Si on voulait vraiment arriver au stade de la macro-économie, il faudrait parler de l'euro trop cher. Il faudrait parler des taux d'intérêt trop hauts. Il faudrait parler des compétences, du fait qu'on ne forme que 40 000 ingénieurs en France chaque année. Nous parlerions aussi de capital humain et de capital tout court, de choses essentielles en somme. Et au lieu de ça, on se focalise aujourd'hui sur de la communication politique. 

Malheureusement, l'attractivité est utilisée par Emmanuel Macron pour faire peur ou pour se rassurer, pour faire ce qu'il sait faire, c'est-à-dire de la communication. "La France est toujours là, la France est attractive. Tel ou tel patron de Silicon Valley a mis son centre de recherche chez nous. Vous voyez bien, on est dans la course", dit-il en somme. Alors que pendant ce temps-là, malheureusement, sur une échelle plus agrégée, plus macro, on voit bien que c'est tout l'inverse qui se passe. Ça fait 25 mois qu'on est en récession industrielle partout en OCDE et notamment en France où l'on perd pied, littéralement. L'attractivité est un angle d'attaque communicationnel. Bien sûr, c'est un peu l'arbre qui cache la forêt. Ce qu'il faut appeler de nos vœux, ce n'est pas une France attractive pour les investisseurs étrangers (elle ne l'est de toute façon pas pour des raisons de centralité plus que pour des raisons de politique économique à proprement parler) mais bien une France attractive pour nos propres entrepreneurs. C'est de celà dont nous avons besoin aujourd'hui pour dépasser les mesures impressionnistes et permettre la réindustrialisation du pays. Mais pour le moment, tout ce qui intéresse Emmanuel Macron, c'est l'attractivité pour les investisseurs étrangers. Hélas.

Ce double discours qui peut être entretenu parfois avec, par moments, une volonté très nette, de protéger une certaine souveraineté française en critiquant les normes de Bruxelles, n’est-il pas paradoxal ? 
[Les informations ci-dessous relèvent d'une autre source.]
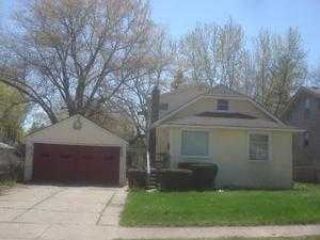 Casa Reposeída - Listado 100081214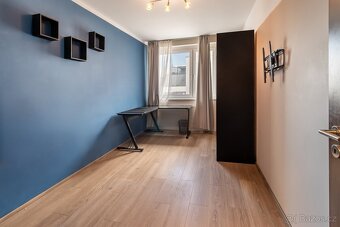 Pronájem byty 3+kk, 98 m2, Praha 10 - Dolní Měcholupy - 11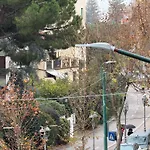 Appartement Casa Angolorotondo *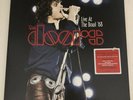 Doors - Live At The Bowl '68  limited gatefold 180 gram audiophile vinyl 2xLP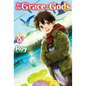 By the Grace of the Gods: Volume 8 (Light Novel) - Paperback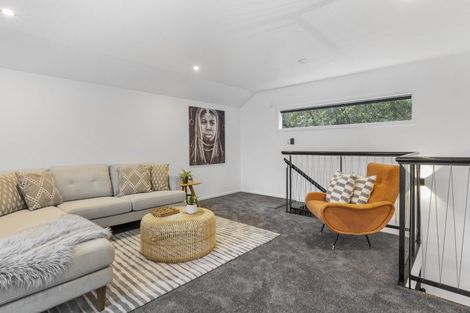 Photo of property in 18 Solar Terrace, Broad Bay, Dunedin, 9014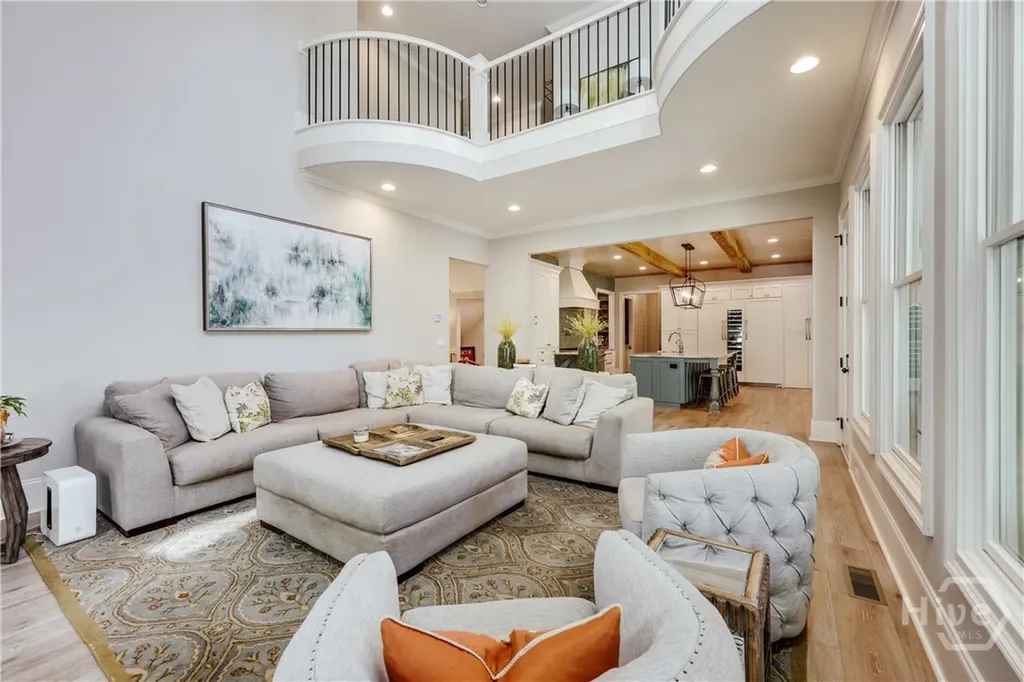 1180 Allgood Road Athens GA 30606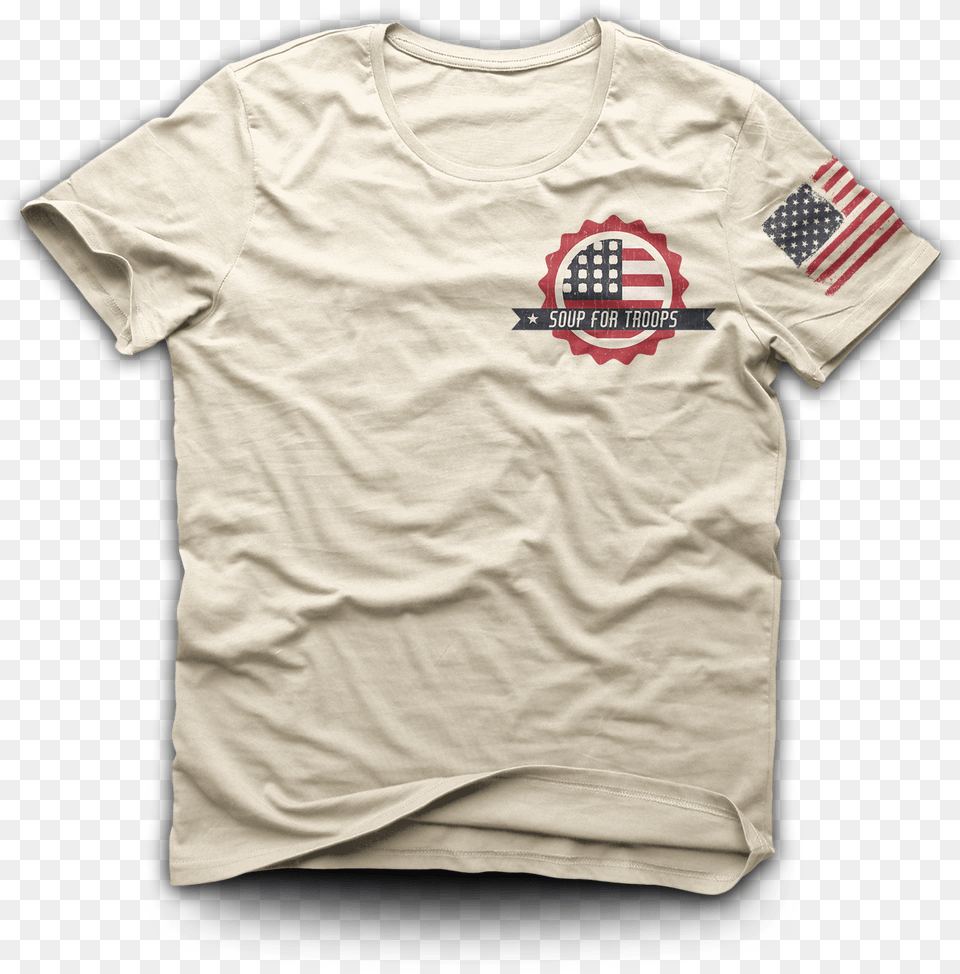 T Shirt, Clothing, T-shirt Free Transparent Png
Philippe d'Iribarne : Macron est plutôt libérale. Je pense que dans la situation très bureaucratique de Bruxelles, donc contre l’empilement des normes bruxelloises. Parce que finalement, l'idée qu'une banque française soit rachetée par une autre, là, on est en plein libéralisme. On n'est pas du tout dans l'aspect bureaucratique et réglementaire de Bruxelles. Là, ça ne me parait pas contradictoire dans son esprit d'être pour l'Europe, pour une Europe libérale où on achète, etc. et contre une Europe bureaucratique.